» **WORK TASK**: Would you repeat the listing exactly, without any of its images?

EXTRACTED DATA: Begin

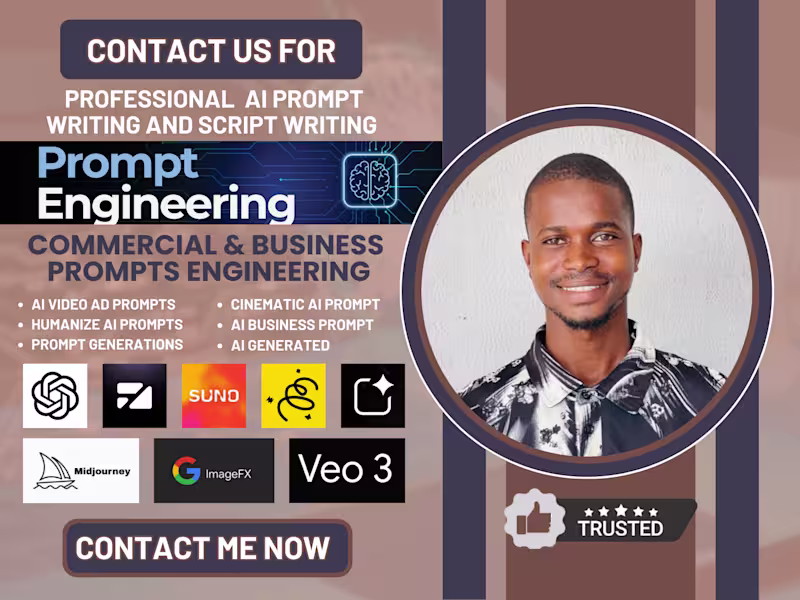 Cover image for Get AI video ad scripts, promotional cinematic prompt engineer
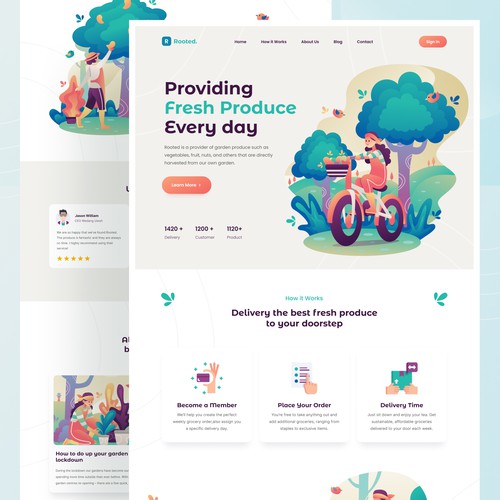 Rooted Landing Page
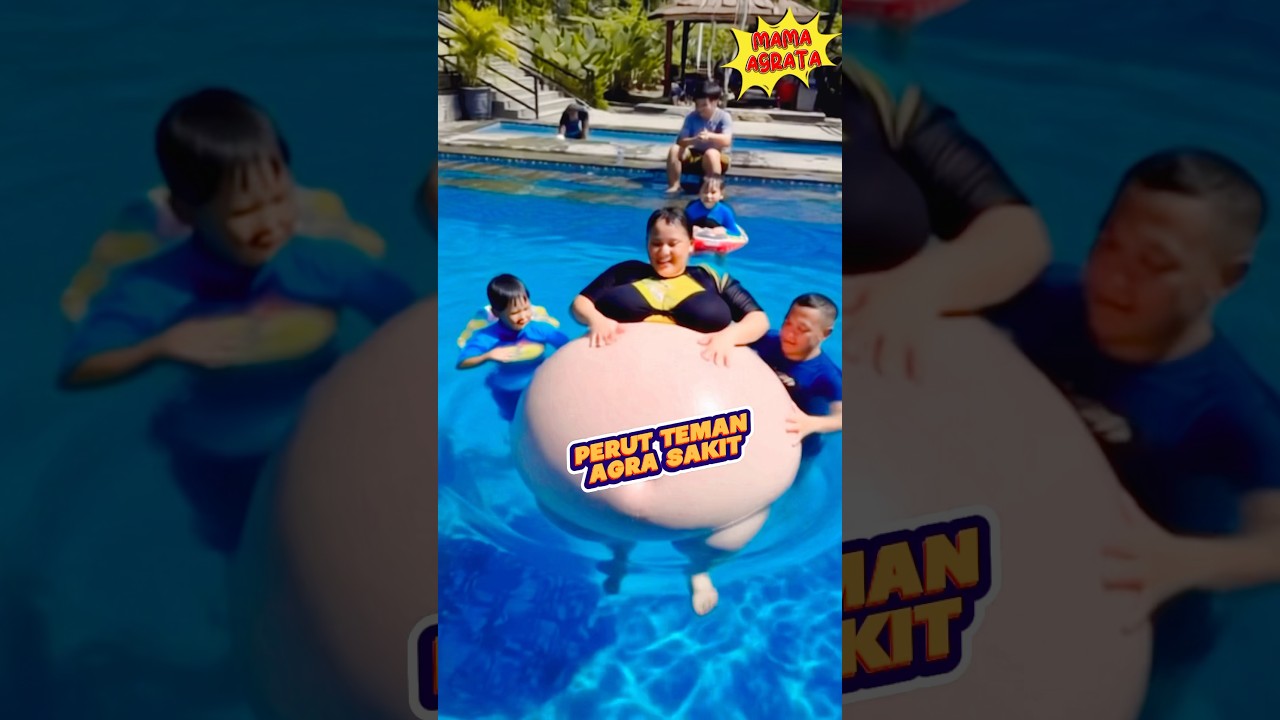 Perut teman agra sakit membesar masuk air 😱Part 1093
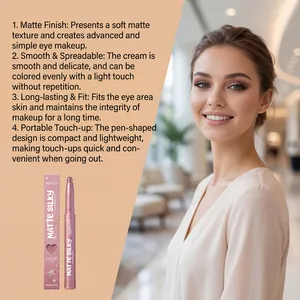 Zephoco matte silky eyeshadow stick in rose gold for a smooth and natural makeup look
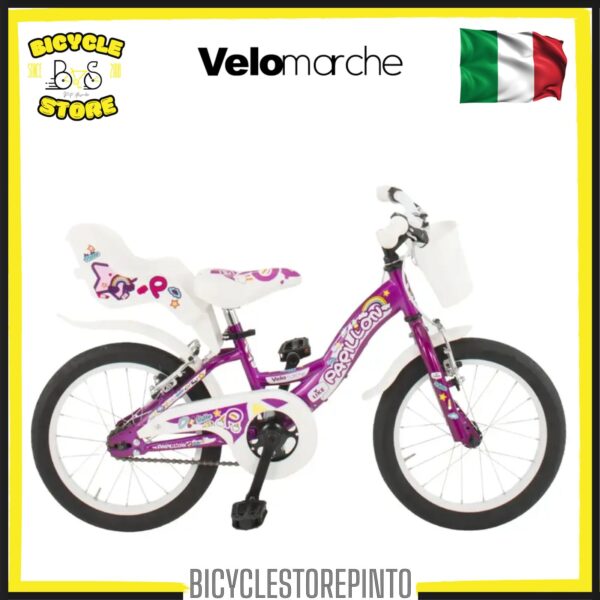 Bicicletta Bambina VELOMARCHE GIRL PAPILLON 16" Steel 1V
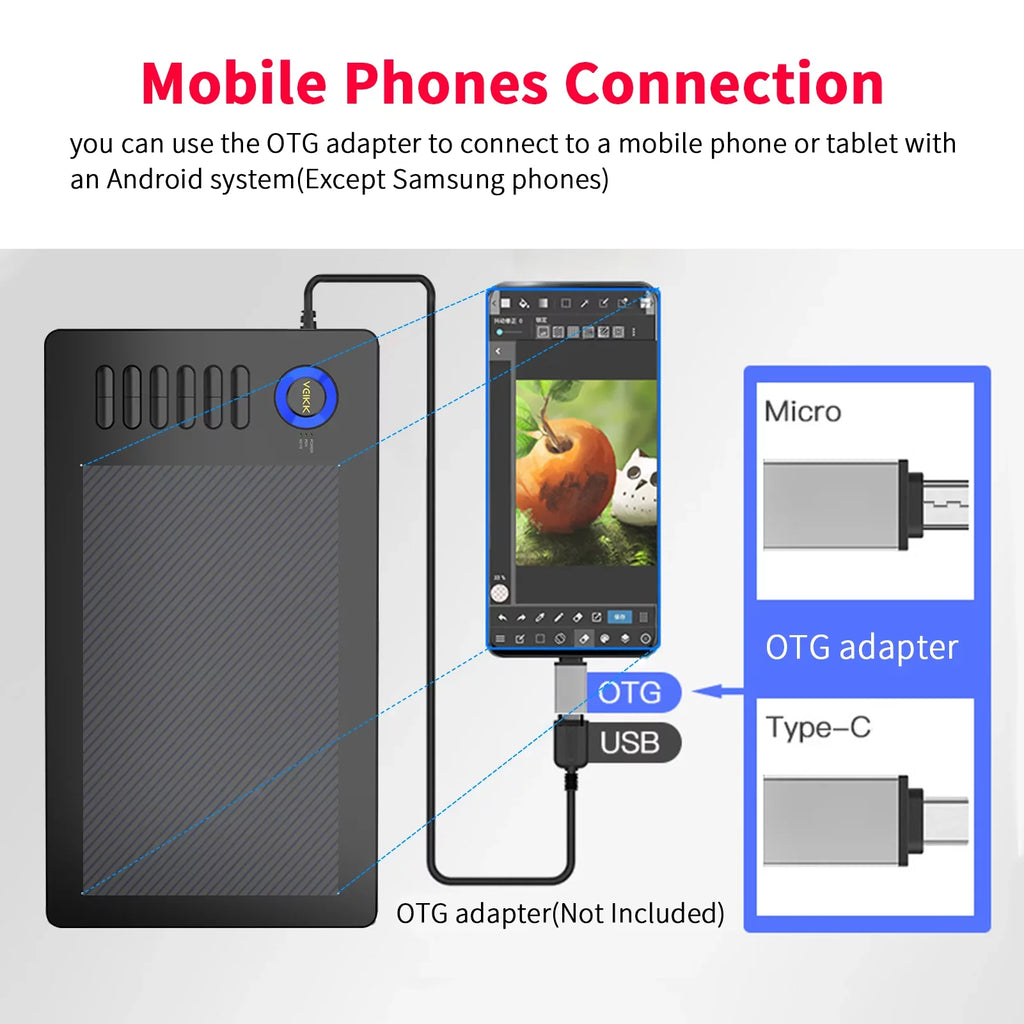 Tablet,10x6in 8192 12 Tablet 10x6in 8192  Tablet Windows Android 12 10x6inch 250rps 5080lpi Laptop Pc 12 5080lpi Resolution Tablet 8192 Sensitivity Battery-free 8192 Sensitivity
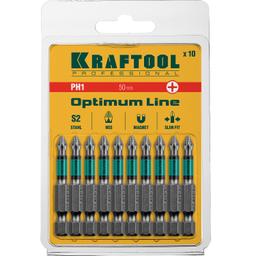 KRAFTOOL Optimum, PH1, 50 мм, 10 шт, биты (26122-1-50-10) - 2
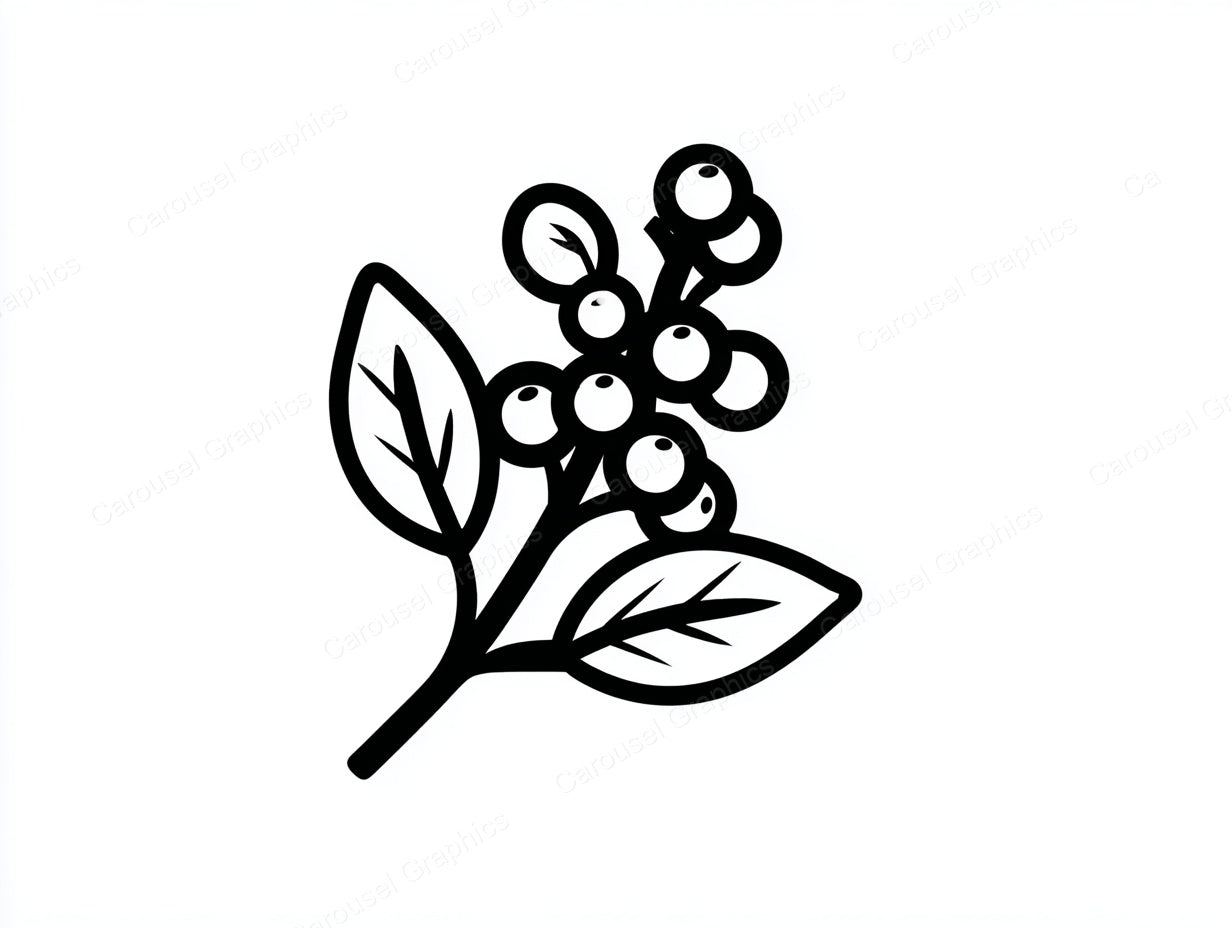 Mistletoe Vector Graphic preview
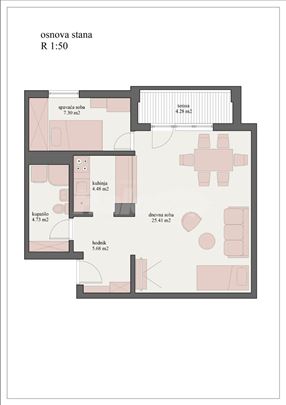 Konjarnik, 45m², Danice Markovic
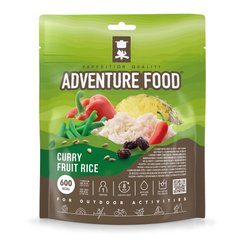 Сублімована їжа Adventure Food Curry Fruit Rice Рис каррі з фруктами New Package silver/green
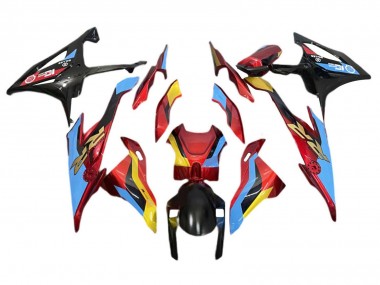2019-2022 BMW S1000RR Motorcycle Fairings - Light Blue Red Gold UK
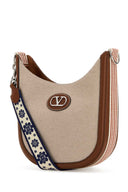 Valentino Garavani Top Tone Canvas V Logo Signature Shoulder Bag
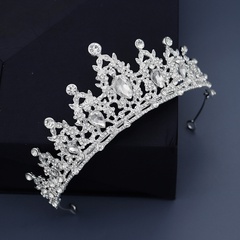 Amazon Explosion Crown Classic Baroque Retro Hair Accessories Luxury Diamond Bridal Wedding Accessories Photo Headdress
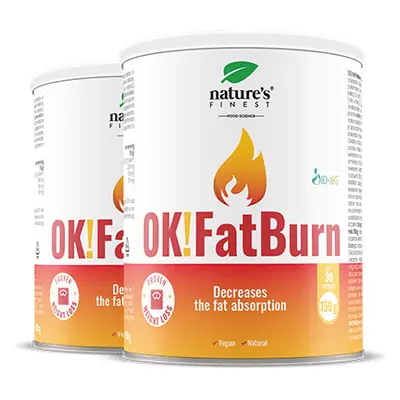 100% FatBurn Nápoj | 4x OK!FatBurn® | s ID-Alg® a L-Karnitinem | Nejlepší Spalovače Tuku v České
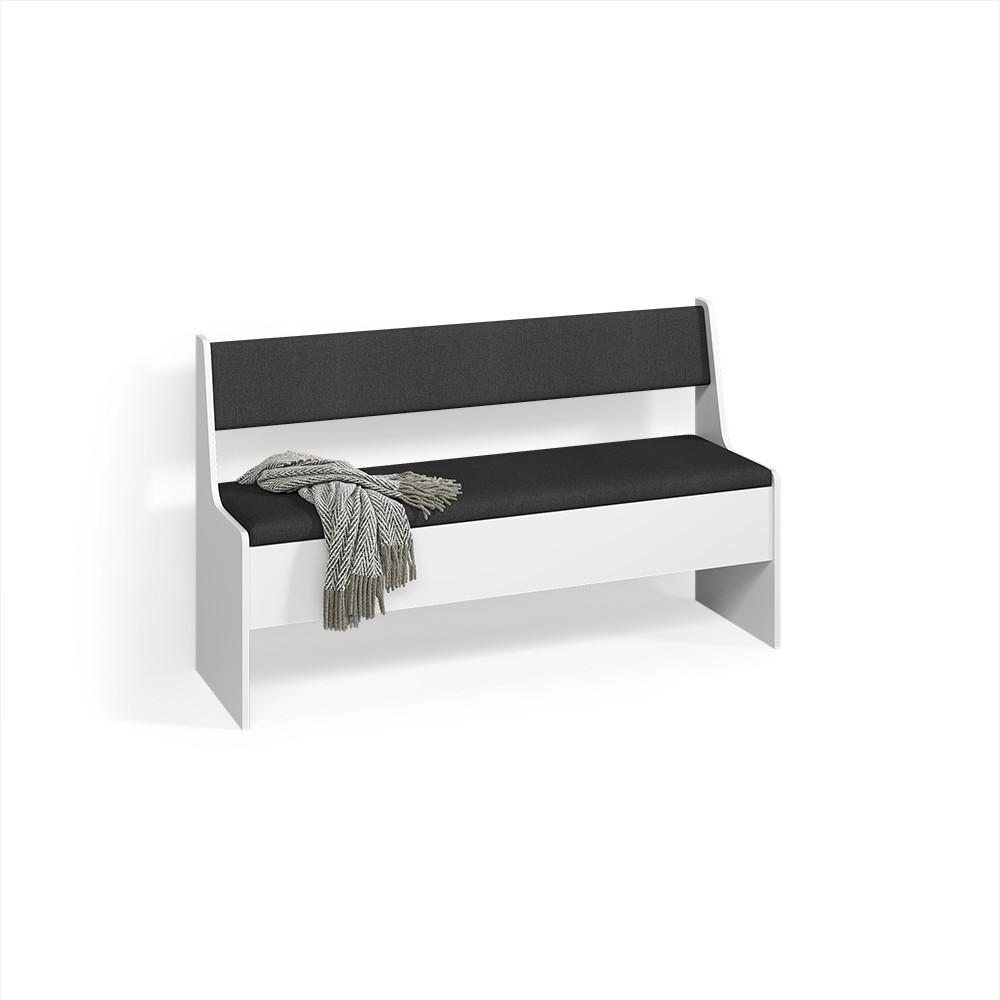 ESSZIMMER-BANK Tiberio Weiß 41.5 x 136.6 cm - Weiß, Holzwerkstoff (41.5/80/136.6cm) - Livinity®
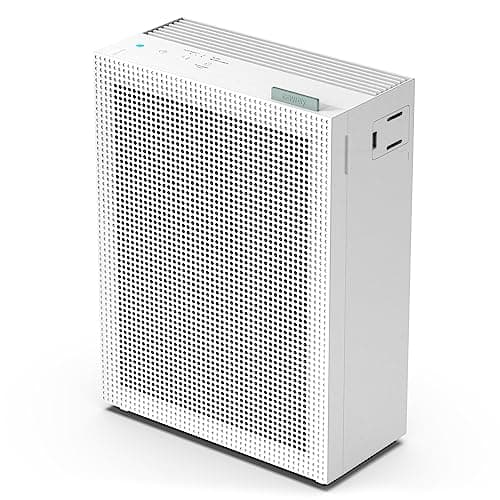 Image of COWAY Air Purifier for Home Bedroom, ECARF Quiet Mark Certified, 20 dB Sleep Mode, easy pull-out washable pre-filter for less mess, for allergy, smoke, pollen, pet, air purifiers, Airmega 150, White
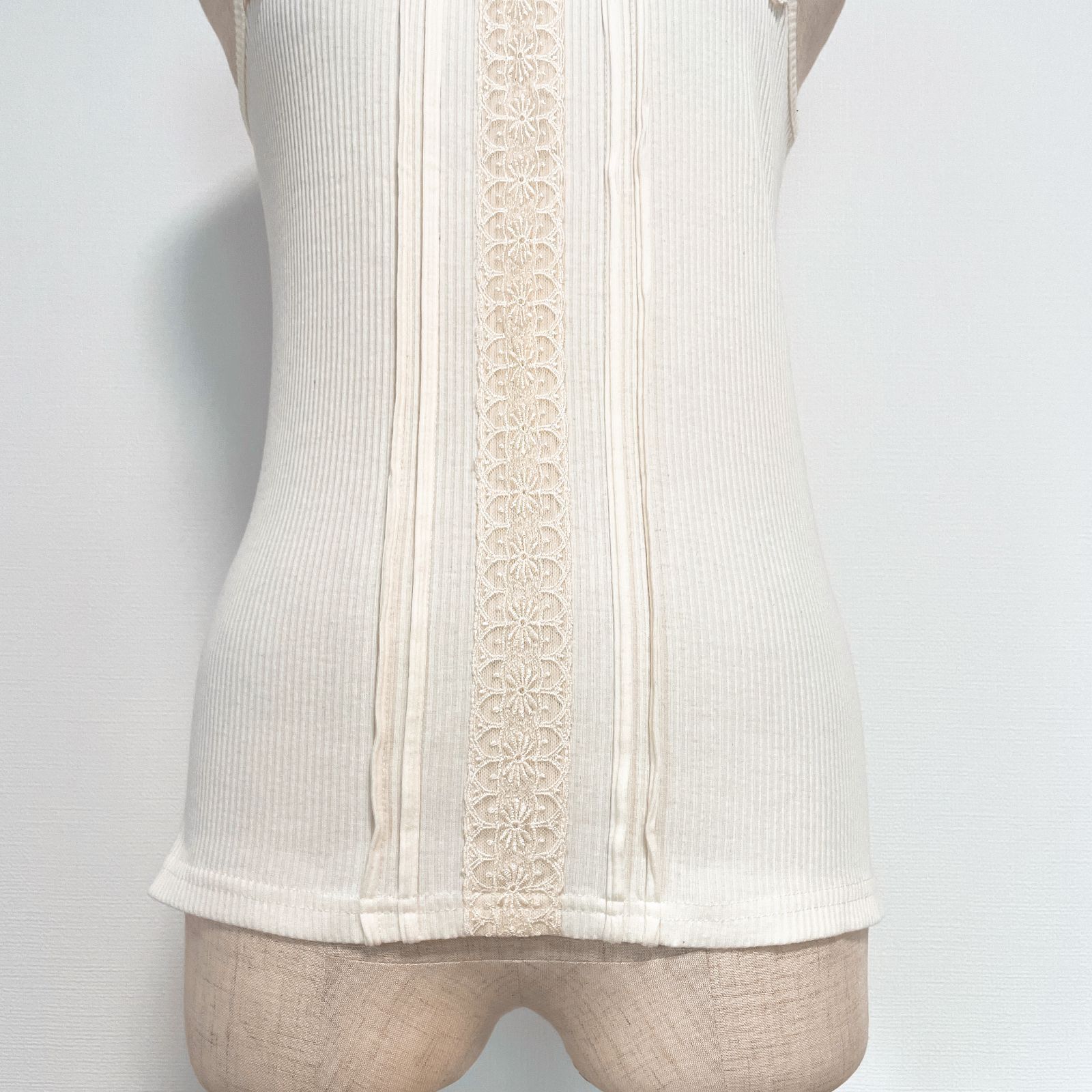 axes femme アクシーズファム キャミソール レース Mサイズ アイボリー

EXTRACTED DATA: End

» **TASK ANSWER**:
 Cover image for Get AI video ad scripts, promotional cinematic prompt engineer
 Rooted Landing Page
 Perut teman agra sakit membesar masuk air 😱Part 1093
 Zephoco matte silky eyeshadow stick in rose gold for a smooth and natural makeup look
 Bicicletta Bambina VELOMARCHE GIRL PAPILLON 16" Steel 1V
 Tablet,10x6in 8192 12 Tablet 10x6in 8192  Tablet Windows Android 12 10x6inch 250rps 5080lpi Laptop Pc 12 5080lpi Resolution Tablet 8192 Sensitivity Battery-free 8192 Sensitivity
 KRAFTOOL Optimum, PH1, 50 мм, 10 шт, биты (26122-1-50-10) - 2
 Mistletoe Vector Graphic preview
 Konjarnik, 45m², Danice Markovic
 Сублімована їжа Adventure Food Curry Fruit Rice Рис каррі з фруктами New Package silver/green
2019-2022 BMW S1000RR Motorcycle Fairings - Light Blue Red Gold UK
 Valentino Garavani Top Tone Canvas V Logo Signature Shoulder Bag
 Amazon Explosion Crown Classic Baroque Retro Hair Accessories Luxury Diamond Bridal Wedding Accessories Photo Headdress
 100% FatBurn Nápoj | 4x OK!FatBurn® | s ID-Alg® a L-Karnitinem | Nejlepší Spalovače Tuku v České
 ESSZIMMER-BANK Tiberio Weiß 41.5 x 136.6 cm - Weiß, Holzwerkstoff (41.5/80/136.6cm) - Livinity®
 Image of COWAY Air Purifier for Home Bedroom, ECARF Quiet Mark Certified, 20 dB Sleep Mode, easy pull-out washable pre-filter for less mess, for allergy, smoke, pollen, pet, air purifiers, Airmega 150, White
 axes femme アクシーズファム キャミソール レース Mサイズ アイボリー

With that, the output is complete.